# [Given material]
┄┄┄┄┄┄┄┄┄┄
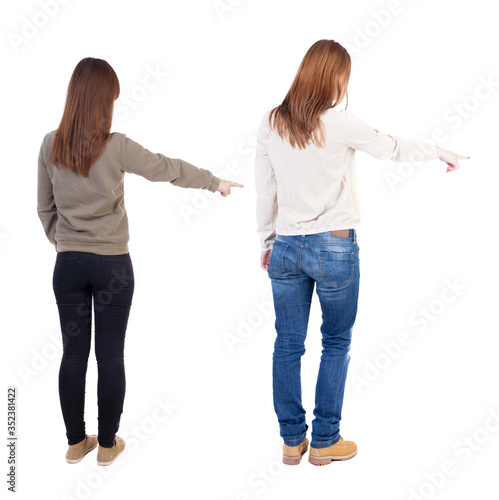 Back view of two young woman photographed on a mobile phone in sweater.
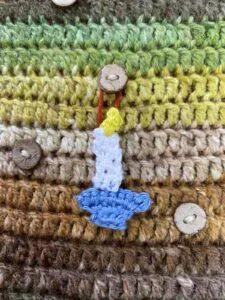 A tiny crochet candle stick hangs from a button on a brown and green crochet background
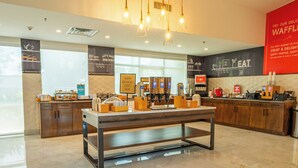 A modern cafe interior with a central table, counter, and various food and drink dispensers. - Hampton Inn St. Augustine Downtown Historic District (St. Augustine)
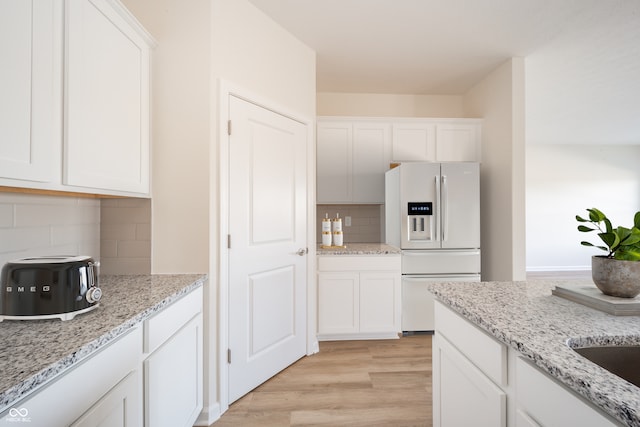 kitchen featuring light stone counters, white refrigerator with ice dispenser, light wood finished floors, white cabinetry, and backsplash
┄┄┄┄┄┄┄┄┄┄
# [What is expected]
Your task is to repeat only the lines from the line containing "A tiny crochet" through the final line of the material, inclusive; do not include pictures.

# [Answer]
 A tiny crochet candle stick hangs from a button on a brown and green crochet background
 A modern cafe interior with a central table, counter, and various food and drink dispensers. - Hampton Inn St. Augustine Downtown Historic District (St. Augustine)
 kitchen featuring light stone counters, white refrigerator with ice dispenser, light wood finished floors, white cabinetry, and backsplash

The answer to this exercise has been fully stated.